Question related to Polynomials: factoring x^2 + (1/x^2) - 11

[sa.azeemm]

How to factorize x^2 + (1/x^2) - 11 ?

 

[stapel]

How to factorize x^2 + (1/x^2) - 11 ?

This is not an actual quadratic (or even a polynomial), because the middle term has the variable in the denominator. But the expression is of the quadratic "type". Here's the trick:

. . . . .\(\displaystyle x^2\, -\, 11\, +\, \dfrac{1}{x^2}\)

. . . . .\(\displaystyle (x)^2\, -\, 11\, +\, \left(\dfrac{1}{x}\right)^2\)

. . . . .\(\displaystyle (x)^2\, -\, 11(x)\left(\dfrac{1}{x}\right)\, +\, \left(\dfrac{1}{x}\right)^2\)

In other words, this is kind of like when you've had quadratics with \(\displaystyle \,x\,\) and \(\displaystyle \, y\,\) in them.

Unfortunately, this doesn't factor. Had the "1" in the fractional term been a "12", you'd have been golden. Oh, well.

 

[lookagain]

If you set equal to 0:
x^2 + (1/x^2) - 11 = 0 ; then multiply by x^2:

x^4 - 11x^2 + 1 = 0 : did you know that's a quadratic?

It's not a quadratic.

It's a quartic.

 

[Ishuda]

I'm headed for the corner, repeating "quartic...."....2^4 minutes.

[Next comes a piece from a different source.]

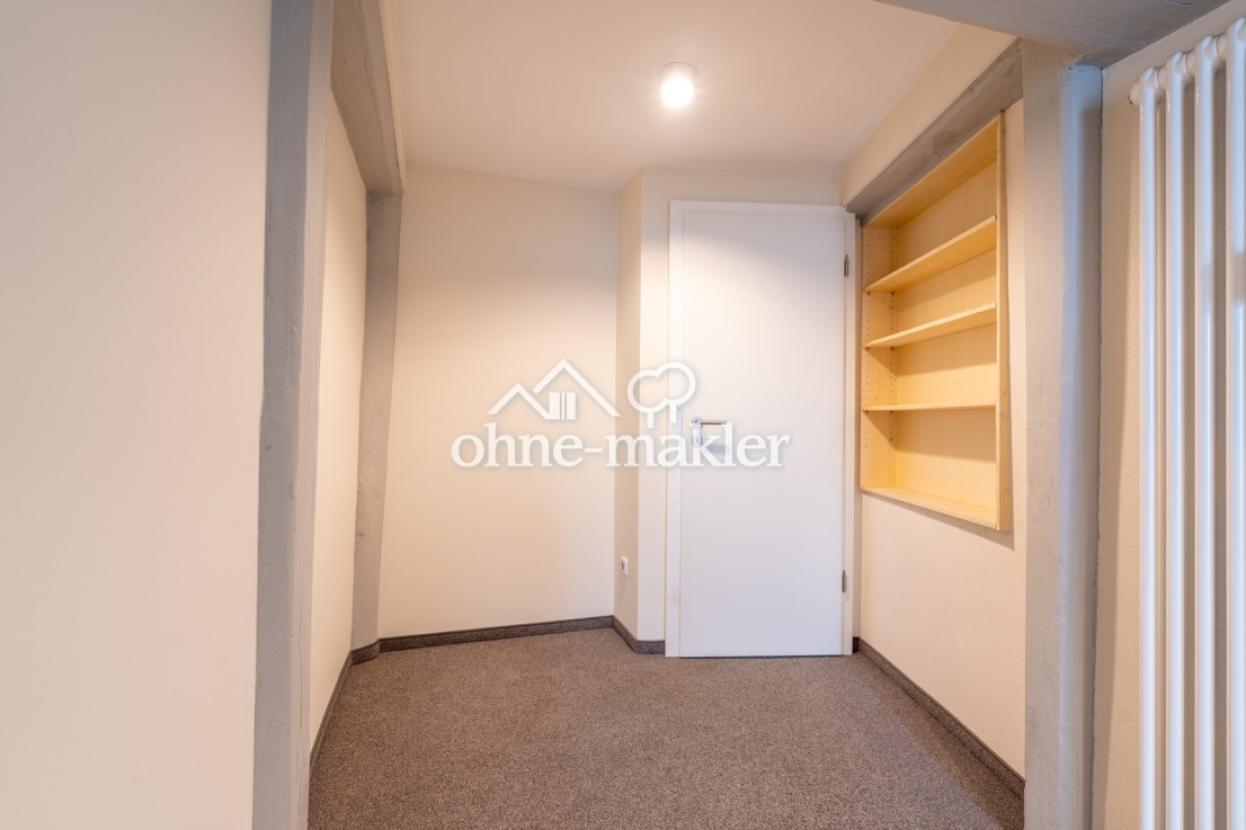 1. OG – Zimmer mit Tür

Wait one. If you had said it was a quadratic in x then I agree you head to the corner. But since it is a quadratic in x² you might just make it 2^2 minutes [NOT! minuets] for being (very) slightly unclear.

 

[Steven G]

How to factorize x^2 + (1/x^2) - 11 ?

I would do as Denis suggested (I never learn) but would not set the expression equal to 0 (what were you thinking! Hmm, that assumes that you think).
x^2 + (1/x^2) - 11 = (1/x^2)(x^4 -11x^2 + 1). As lookagain pointed out this 2nd factor is a quartic, however we can think of it as a quadratic if we let u=x^2.
Then the 2nd factor becomes u^2 -11u +1. Use the quadratic formula to find the roots. Say they are c and d. So u^2-11u-1 =(u-c)(u-d) which is really (x^2-c)(x^2-d). If c and/or d is positive then you can factor x^2-c and/or x^2-d.
So x^2 + (1/x^2) - 11 = (1/x^2)(x^2-c)(x^2-d) and again you may still be able to factor more.

 

[soroban]

Hello, sa.azeemm!

Factor: \(\displaystyle \: x^2 + \dfrac{1}{x^2} - 11\)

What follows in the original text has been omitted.